It is often said that Traveling is the realization that you might have been born in the wrong country. We personally couldn’t agree more with that saying. Traveling is just one of those few things that are capable of changing your life and opening your eyes to the real world as it truly is. And since we don’t know enough about the topic to be giving advice, we thought we’d ask the experts about the reason they travel, what they feel when they do, and what stories would they like to share.
1- George Farid
“When it comes to travel, I fairly consider it as a topic to discuss rather than a state of being, an occurrence or a condition. It’s like asking a pregnant woman about her infant or an entrepreneur about his startup. You can’t really pull them apart, figuratively. Travel is a state of being present fully at a moment you’re aware of with all your senses, all your being. Every feeling is challenged so that you could genuinely grow and feel it. You lose yourself into thinking there are too many people out there and you find it when your identity is shown. You, and only you, attend to the smallest details of the trip because you’re there at this moment. I collect these moments and that’s my measure of keeping track of my trips. How present I was on a moment of a sunrise on a bay at the end of the Atlantic? Or how indulged I was in a challenging trek over the rocks of a volcano?

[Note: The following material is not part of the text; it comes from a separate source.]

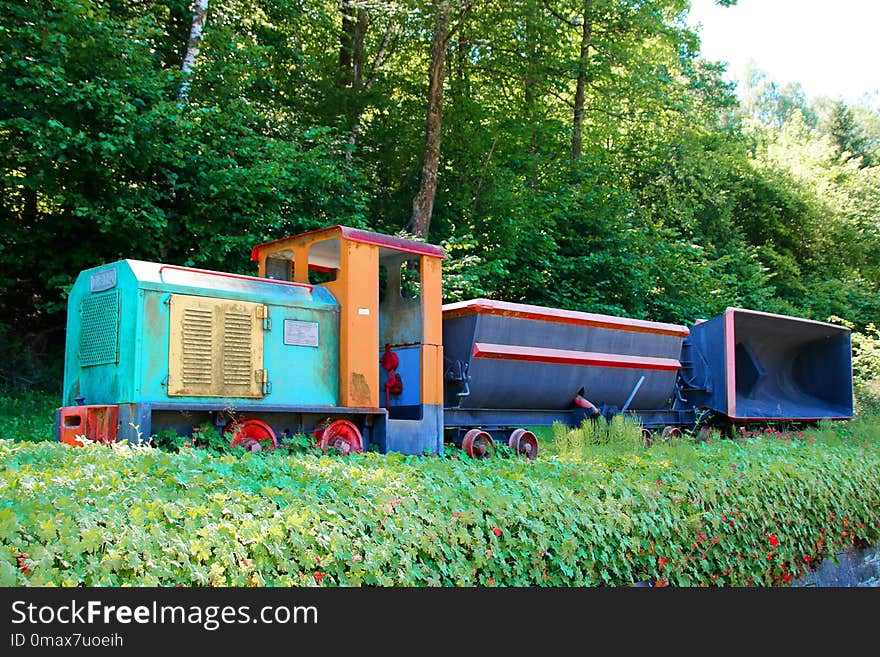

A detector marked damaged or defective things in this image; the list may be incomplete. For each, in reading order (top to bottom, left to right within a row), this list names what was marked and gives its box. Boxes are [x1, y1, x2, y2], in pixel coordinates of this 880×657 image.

I may have visited over a 100 cities in different continents, but I do remember each because the moments I recall are far more. They’re my memory and they reside in the conscious of being at these specific moments. I visualize an interactive globe in my mind from such memories; I draw geography terrains where I’ve seen and walked. There, where moments connect and create a beautiful reminiscent movie to muse over so that travel would have engaged all your functions and soaked all your being. This feeling of living in those moments and the desire to collect more of them were my leadfoot to chase and pursue more of them. Travel wasn’t just a school of learning, a lifestyle of gateways or discovery of cultures and places; it was a sweet vow. It was the soothing promise that would liberate you from the ordinary and set your potentials free. I owe each and every life lesson to travel memories, ones that sculpture your character and ones that shape you into who you become.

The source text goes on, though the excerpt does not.